You could use wire-feed welding to assemble the tank, but you have to put a slightly-bulging weld bead on both sides. That means a man must be able to crawl inside each lobe, and be able to weld inside there. Wire feed welding works very well with aluminum, though.
If the tank were a stainless steel like D6ac or 4130, you can electron beam-weld right through from one side, with nearly-perfect weld strength efficiency. Weld the joint pieces to the web walls, then weld the outer shell panels to the joint pieces, all from the outside. Then proof test. The reject rate should be low, once your process is defined. One-side electron beam-welding of steel is a well-proven industrial technology for the mass production of solid rocket motor cases.
About a quarter century ago, I proposed exactly that electron beam-welded, stainless steel lobed design, for a small conformal-case solid rocket motor case, to meet a seemingly-idiotic shape requirement for a weapon project (that ended up never flying). The customer expected to see some version of elliptical designs proposed, which simply do not work unless they are extremely heavy. Preconceptions clouded his ability to see a lightweight solution that would work.
Questioning the assumptions you would otherwise start with, has been the most powerful tool in my engineering arsenal for nearly 4 decades now.
Mastering non-conformal tank technology is required for any winged or lifting-body spaceplane, whether it be one stage or two. Chemical, nuclear, or something not yet invented, this requirement still holds for best-storing whatever propellant is required, within the odd spaces inside the vehicle.
Metals we know how to handle in this application, composites not so very much. And that plus politics is really why the X-33 program ended up unsuccessful. It really should have started with the metal tanks in the first place, but the folks working on it were seduced by the higher strength-to-weight ratio of composites. In a pressure tank situation, those advantages tend to evaporate in the harsh light of all the other design issues. That picture of things hasn’t changed, and probably never will.
After reading this, some of you may wonder why I haven’t been “snapped-up” by a Boeing or a Lockheed-Martin. The answer is simple: I’m old, and old guys are more expensive.
Having the wide-ranging cross-disciplinary experiences of an old guy on your team, may well help guide you very cost-effectively to the “right” solution for your project. But, the way R&D is funded by the government in this country, project success is not required. So labor cost is the only factor considered in government contractor hiring. Few-to-none of us old guys get hired.
That has led to a widely-unrecognized lost-art problem. The engineering project team is supposed to consist of a mix of old guys and young guys. The old guys pass on to the young ones that engineering art that was never written down. It wasn’t written down, primarily because the company didn’t want to pay for writing it down. That art is about 40% of engineering practice in aerospace work.

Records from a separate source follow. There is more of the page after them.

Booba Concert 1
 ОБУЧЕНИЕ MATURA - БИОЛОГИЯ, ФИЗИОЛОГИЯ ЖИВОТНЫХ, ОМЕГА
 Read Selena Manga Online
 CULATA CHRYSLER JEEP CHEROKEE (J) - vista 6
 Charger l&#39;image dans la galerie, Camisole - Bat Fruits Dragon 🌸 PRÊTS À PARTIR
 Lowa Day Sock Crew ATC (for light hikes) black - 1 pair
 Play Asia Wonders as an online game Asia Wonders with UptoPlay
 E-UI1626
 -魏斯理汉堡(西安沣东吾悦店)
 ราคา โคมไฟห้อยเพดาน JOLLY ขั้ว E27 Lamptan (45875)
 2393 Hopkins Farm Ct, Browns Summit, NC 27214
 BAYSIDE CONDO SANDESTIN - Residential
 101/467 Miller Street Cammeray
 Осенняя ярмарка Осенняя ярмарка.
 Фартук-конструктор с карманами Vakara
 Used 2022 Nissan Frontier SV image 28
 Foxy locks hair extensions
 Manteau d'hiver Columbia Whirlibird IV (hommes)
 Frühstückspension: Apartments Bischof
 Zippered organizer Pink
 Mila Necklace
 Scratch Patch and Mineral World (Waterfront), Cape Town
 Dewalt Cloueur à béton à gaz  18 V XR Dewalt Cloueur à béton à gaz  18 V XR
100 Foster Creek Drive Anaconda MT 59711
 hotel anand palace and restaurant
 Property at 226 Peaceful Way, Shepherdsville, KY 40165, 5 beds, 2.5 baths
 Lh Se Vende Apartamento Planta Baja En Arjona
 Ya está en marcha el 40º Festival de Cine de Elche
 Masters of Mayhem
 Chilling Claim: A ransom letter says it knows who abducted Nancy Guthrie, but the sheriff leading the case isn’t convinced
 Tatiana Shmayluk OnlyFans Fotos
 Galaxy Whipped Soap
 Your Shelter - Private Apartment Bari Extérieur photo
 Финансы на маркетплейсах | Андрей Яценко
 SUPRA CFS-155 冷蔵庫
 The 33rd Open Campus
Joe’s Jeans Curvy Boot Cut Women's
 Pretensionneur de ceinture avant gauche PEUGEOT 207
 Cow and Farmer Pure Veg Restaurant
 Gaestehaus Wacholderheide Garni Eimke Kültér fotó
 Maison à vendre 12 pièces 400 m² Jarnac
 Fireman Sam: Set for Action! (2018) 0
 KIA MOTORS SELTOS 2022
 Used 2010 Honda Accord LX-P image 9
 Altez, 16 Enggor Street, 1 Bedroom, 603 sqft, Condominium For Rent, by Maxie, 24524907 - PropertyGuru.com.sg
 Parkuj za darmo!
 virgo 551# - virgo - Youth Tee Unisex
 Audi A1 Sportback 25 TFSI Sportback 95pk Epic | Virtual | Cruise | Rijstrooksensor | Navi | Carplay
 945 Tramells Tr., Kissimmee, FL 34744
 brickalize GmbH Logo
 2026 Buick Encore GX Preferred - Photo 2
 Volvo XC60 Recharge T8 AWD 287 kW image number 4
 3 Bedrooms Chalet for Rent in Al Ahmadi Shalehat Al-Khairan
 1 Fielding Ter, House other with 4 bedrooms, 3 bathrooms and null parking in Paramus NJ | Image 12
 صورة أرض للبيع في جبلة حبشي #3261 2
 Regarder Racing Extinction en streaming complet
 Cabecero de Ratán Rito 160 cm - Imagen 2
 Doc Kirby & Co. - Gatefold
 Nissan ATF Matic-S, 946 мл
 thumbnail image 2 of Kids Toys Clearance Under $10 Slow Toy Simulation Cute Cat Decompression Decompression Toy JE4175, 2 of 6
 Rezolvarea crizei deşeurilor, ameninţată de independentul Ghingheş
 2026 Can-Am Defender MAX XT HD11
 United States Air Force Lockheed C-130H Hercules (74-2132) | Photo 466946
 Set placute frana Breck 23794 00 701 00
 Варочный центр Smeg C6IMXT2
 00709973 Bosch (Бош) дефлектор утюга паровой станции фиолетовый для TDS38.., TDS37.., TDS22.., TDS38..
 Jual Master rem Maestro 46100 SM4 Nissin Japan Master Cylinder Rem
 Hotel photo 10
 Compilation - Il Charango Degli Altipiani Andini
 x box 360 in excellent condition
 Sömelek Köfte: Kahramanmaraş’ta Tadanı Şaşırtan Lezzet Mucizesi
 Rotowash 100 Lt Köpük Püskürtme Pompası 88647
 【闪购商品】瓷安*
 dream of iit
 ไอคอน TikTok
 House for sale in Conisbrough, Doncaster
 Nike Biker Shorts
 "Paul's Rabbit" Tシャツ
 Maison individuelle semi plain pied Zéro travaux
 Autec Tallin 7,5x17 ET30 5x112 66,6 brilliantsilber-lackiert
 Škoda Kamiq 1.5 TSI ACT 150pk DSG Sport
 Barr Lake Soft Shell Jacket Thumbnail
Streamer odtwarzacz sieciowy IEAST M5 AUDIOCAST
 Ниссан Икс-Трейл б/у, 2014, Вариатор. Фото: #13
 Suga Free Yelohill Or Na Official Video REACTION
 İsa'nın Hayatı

If there are no old guys on the team, no art gets passed down. Which lack neatly explains why different outfits keep reinventing all the same wheels, and why progress with flying machines has slowed in the last few decades.
Few are learning from industry history anymore, because those who knew that history are largely no longer there. You cannot get that kind of knowledge from a college classroom, it is dirty-fingernails workplace experience, pure and simple.